Mothers of nature howling at the moon

In 1928, Virginia Woolf explained why we'd never heard of Judith Shakespeare: William's (mythical) sister was just as clever and poetic as the famous playwright, but she never had a room of her own in which to think and write.

Well, Judith lives in a mansion of her own now. Women not only write the most popular fiction (Danielle Steele, Jackie Collins), they also write some of the best (Toni Morrison, Joyce Carol Oates, Margaret Atwood). And the most reliable bestseller maker in America is a woman named Oprah.

This is all a good thing, of course, but the audience hungry for new novels is an impatient one. In exchange for a room of their own, writers - men and women - find they have no time of their own. The surprise bestseller carefully nurtured through years of consideration and revision spawns a contract for the next book in 16 months. The new writer hungry for editorial advice rises into a celebrity of uneditable wisdom.

As a result, the clever stories of Jane Smiley cry out for judicious excision, the moving novels of Anita Shreve are stained with bits of pulp, and the sensitive fiction of Alice Hoffman stumbles into potholes of cliche.

Similarly, "Prodigal Summer" is full of the tenderness, humor, and earthy spirituality Kingsolver fans expect, but a little more time could have raised it from good to great. Whereas her last blockbuster, "The Poisonwood Bible" (1998), railed against the evils of colonialism and religious intolerance, this new book is an education in ecology. There are moments when the plot fades and a lectern slides out from the margins, but the real problem isn't the preaching, it's the primping.

Three loosely connected stories of women in southern Appalachia wind through "Prodigal Summer." The first concerns Deanna Wolfe, a forest ranger living in a mountain cabin, apart from the complications and destructiveness of civilization. She's a woman highly sensitized to the smells of the forest, the textures of the earth, and the cycles of the moon.

She's spent years protecting her fecund mountain to restore the delicate balance of nature. Just as she spots a family of coyotes - the culmination of her research - a studly hunter named Eddie Bondo struts into view and marches us across "The Bridges of Madison County."

In case we haven't seen the covers of romance novels at the grocery store, Kingsolver tells us he was "deeply muscular in the way that shows up through a man's clothing.... Under the sandpaper grain of a two-day beard he had a jaw she knew the feel of against her skin." When a line like that lumbers out of the forest, you should bang some pots together and frighten it away.

Fortunately, the other two plots are far more subtle and innovative. Lusa Landowski is just learning to love her husband when his truck jackknifes, and she finds herself alone with judgmental sisters-in-law who have never accepted her.

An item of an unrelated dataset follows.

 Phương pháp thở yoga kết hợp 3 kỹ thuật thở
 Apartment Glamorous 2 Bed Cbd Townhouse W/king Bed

Her Polish heritage and study of entomology seem useless in this rigid farm community, but gradually her willingness to love them without backing down meets a response. When Lusa decides to hang on to her husband's farm but reject the family's tobacco and pesticides, she finds more support than she expected.

As usual, Kingsolver's dialogue is absolutely natural, often funny, and sometimes heartbreaking. That's particularly true in the novel's best story line about Nannie Rawley, a radical old woman who gracefully torments her conservative neighbor Mr. Garnett Walker. He's perpetually shocked by Nannie: She had a child out of wedlock; she allows weeds to grow on her land; she wears short pants. What's worse, she courts dangerous ideas like organic farming and Unitarianism. He's heard rumors that at her church the women wear indecorous underwear.

Bound by Christian duty to win her back to the truth, Garnett represses his rage long enough to send righteous letters to her across the fence about insecticides, lawn care, and the evils of so-called evolution. With these two, Kingsolver has created the most refreshing and funny love affair of the year.

"Prodigal Summer" is a novel of happy endings, or happy continuings. There's plenty of heartache here, but none of the haunting bitterness of "The Poisonwood Bible." These three female protagonists struggle against a culture that denigrates them for not being "natural ladies," but in nature, they find far more profound ways to be women.

Ron Charles is the Monitor's book editor. Send e-mail comments to charlesr@csps.com.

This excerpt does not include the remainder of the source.